**Description of the task:**
Give all of the data again exactly as written, omitting every image.

**Data:**
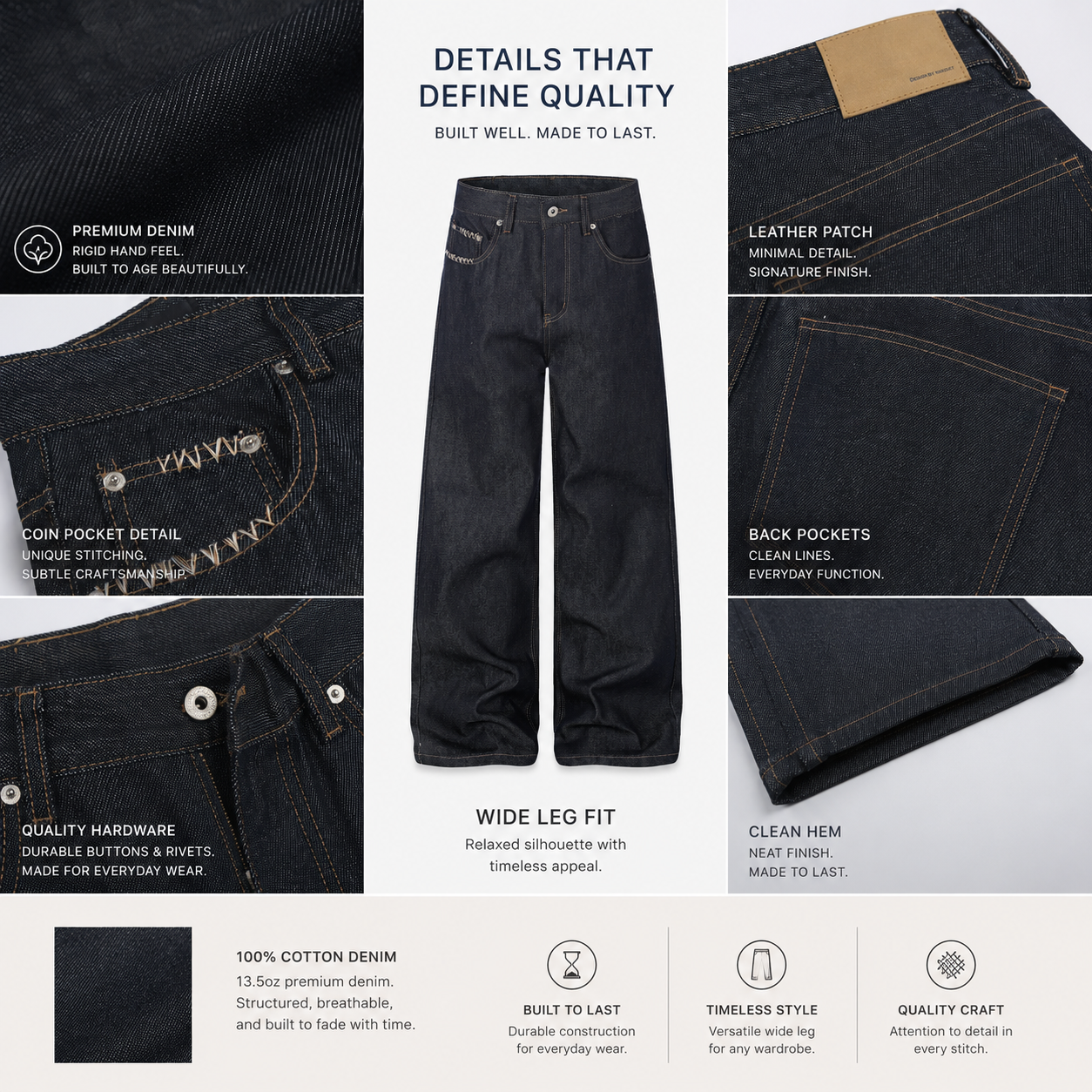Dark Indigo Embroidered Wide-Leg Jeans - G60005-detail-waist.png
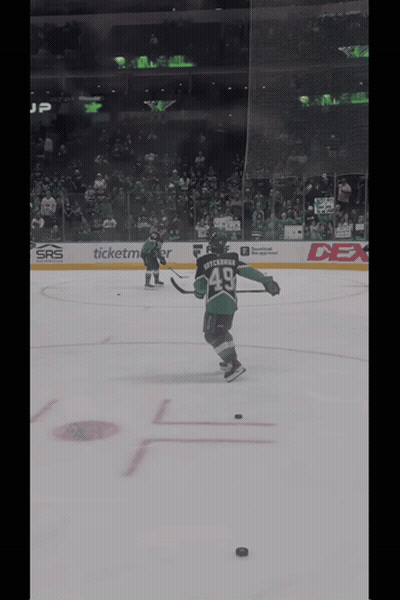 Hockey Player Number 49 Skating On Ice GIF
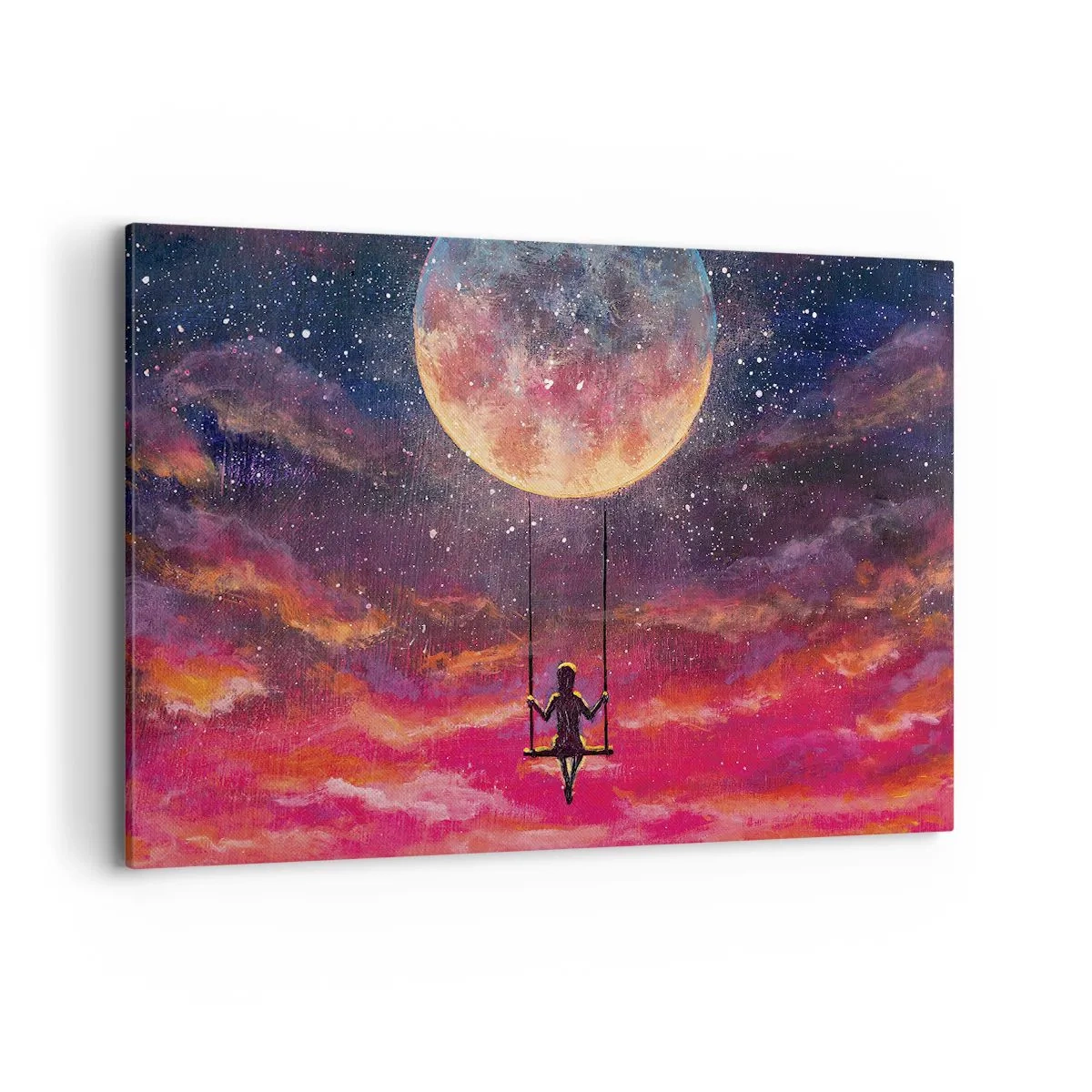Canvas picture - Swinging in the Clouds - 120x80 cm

**Your solution:**
Dark Indigo Embroidered Wide-Leg Jeans - G60005-detail-waist.png
 Hockey Player Number 49 Skating On Ice GIF
Canvas picture - Swinging in the Clouds - 120x80 cm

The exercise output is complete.